Quanto ao mais cedo, para mim é difícil saber se teria sido ou não mais adequado. Há duas coisas importantes a ter em conta. A primeira é que os problemas do nosso sistema financeiro vêm de antes. Deveria ter havido uma intervenção forte como existiu em Espanha? Não sei. Não estou em condições de fazer um juízo sobre esse problema.
Acho é que há uma questão para pensar: o modelo de resolução pode não ser totalmente eficaz. [No modelo de resolução] a expectativa era que o banco que surgia não iria ser afetado pela crise reputacional do banco anterior. E na verdade, o que assistimos em Portugal não é exactamente assim. Agora, em concreto, a nível da supervisão, se poderia ou não mais cedo ter sido retirada a idoneidade ao Dr. Ricardo Salgado, a verdade é que seria incorreto da minha parte pronunciar-me porque não tenho informação sobre isso.

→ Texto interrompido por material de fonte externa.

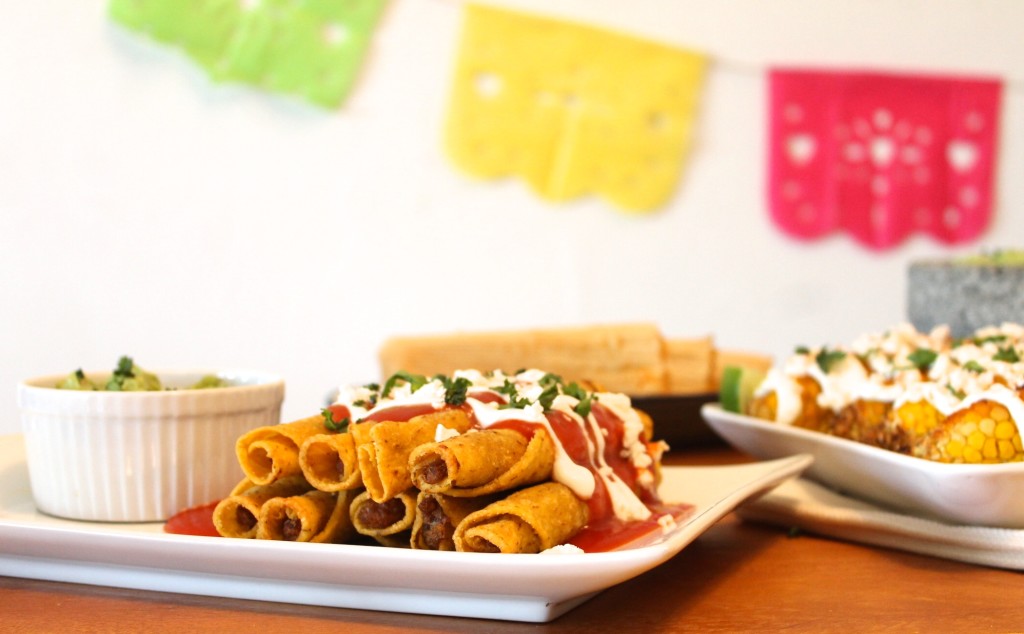 Traditional foods for Cinco de Mayo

Considera que é só o modelo de resolução que não funciona ou toda a união bancária está a funcionar muito mal?
A bancária está incompleta. Há um aspeto fundamental que é a garantia comum de depósitos. Enquanto isso não existir, não temos uma verdadeira união bancária. É importante dizer que o primeiro Estado-membro a batalhar pela união bancária foi Portugal.
Não sei se neste momento é um elogio face às críticas a que está a ser sujeita a união bancária.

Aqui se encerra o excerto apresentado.